Consider the following unitary operation $$ U = (CNOT_{13} \otimes I_2)(CNOT_{12} \otimes I_3)(H_1 \otimes I_2 \otimes I_3) $$ where the indices $i = 1,2,3$ indicates on which qbit the gates are acting on. $CNOT_{ij}$ means that the qbit $i$ controls the qbit $j$.

(a) What is the Hilbert space of this problem ? What's the dimension ?

solution : $\mathcal{H} = (\mathbb{C}^2)^{\otimes 3}$ and $\dim \mathcal{H} = 2^3 = 8$.

(b) Draw the circuit.

solution :

enter image description here

(c) The initial state of the circuit is $|0\rangle \otimes |0\rangle \otimes |0\rangle$. Compute the final state.

solution : Step by step I find :

1)
$$ (H_1 \otimes I_2 \otimes I_3)(|0\rangle \otimes |0\rangle \otimes |0\rangle) = H|0\rangle \otimes |0\rangle \otimes |0\rangle = |+\rangle \otimes |0\rangle \otimes |0\rangle = |\Psi(t_1)\rangle $$

2) $$ (CNOT_{12} \otimes I_3)|\Psi(t_1)\rangle = |+\rangle \otimes |+\rangle \otimes |0\rangle = |\Psi(t_2)\rangle $$

3) $$ (CNOT_{13} \otimes I_2)|\Psi(t_2)\rangle = |+\rangle \otimes |+\rangle \otimes |+\rangle = |\Psi(end)\rangle $$

(d) Suppose that the hardware architecture can only make the operation $CNOT_{31}$. Propose a modification of the circuit on the bit $1$ and $3$ such that the new circuit is equivalent to the first one.

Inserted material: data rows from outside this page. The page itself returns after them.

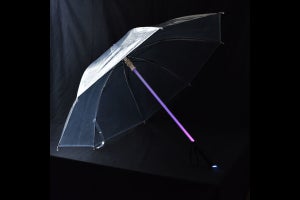 サンコー、7色に光るLED内蔵の雨傘「夜道も安心『光る！ライフセーブレラ』」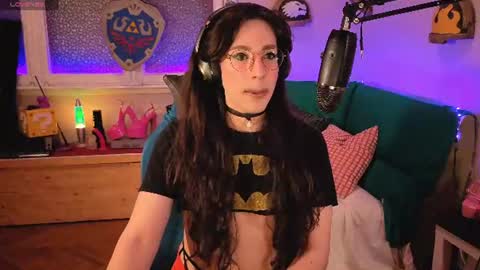 zesty_peach online show from 06-09-26, 11:27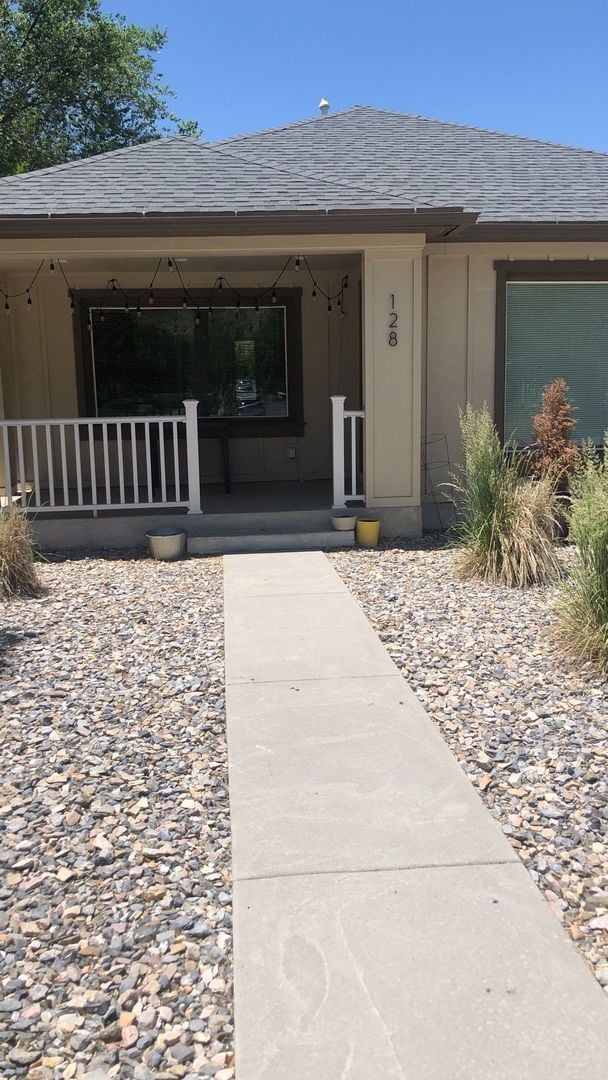 Building Photo - LOVELY HOME FOR RENT IN PROVO!!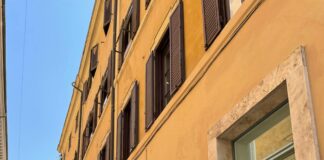 Zimmermann Kleider: Entdecken Sie Die Magie Des Eleganten Stils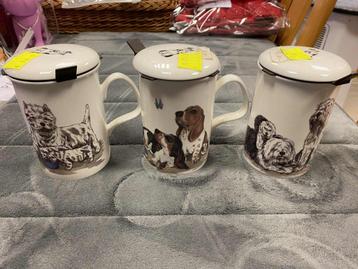 Set van 3 collector item theekopjes aan outlet. beschikbaar voor biedingen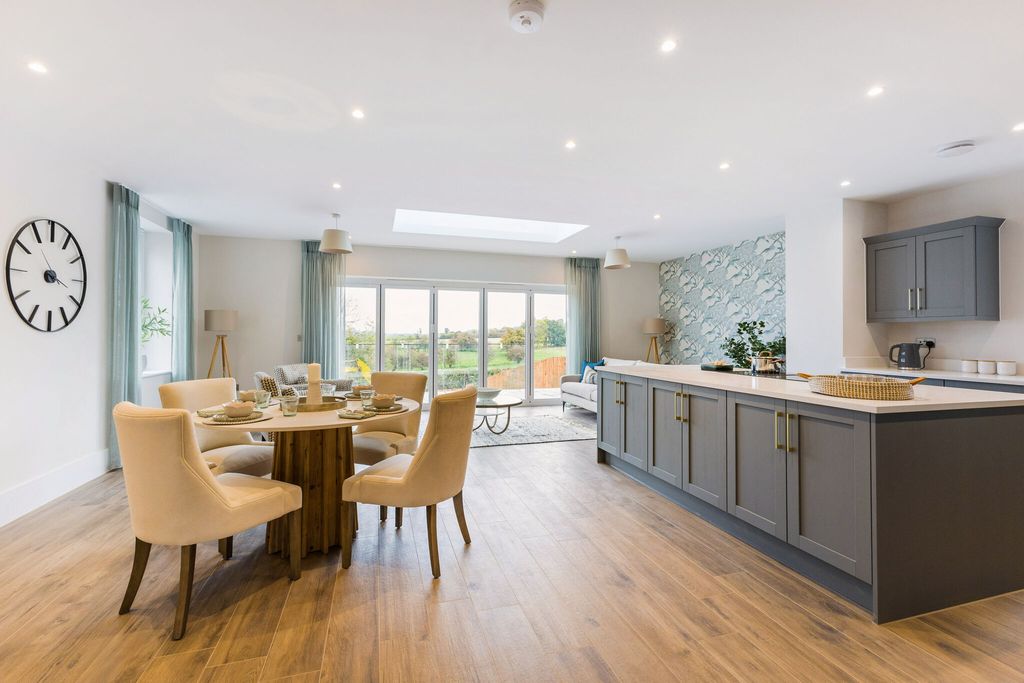 Property photo 2 of 22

solution : I'm not confident about that part but I have that $(CNOT_{31} \otimes I_2)|\Psi(t_2)\rangle = |+\rangle \otimes |+\rangle \otimes |0\rangle$ so in order to retrieve the $|\Psi(end)\rangle$ state we just have to put another Hadamard gate on the third qubit after the CNOT gate. Am I correct ?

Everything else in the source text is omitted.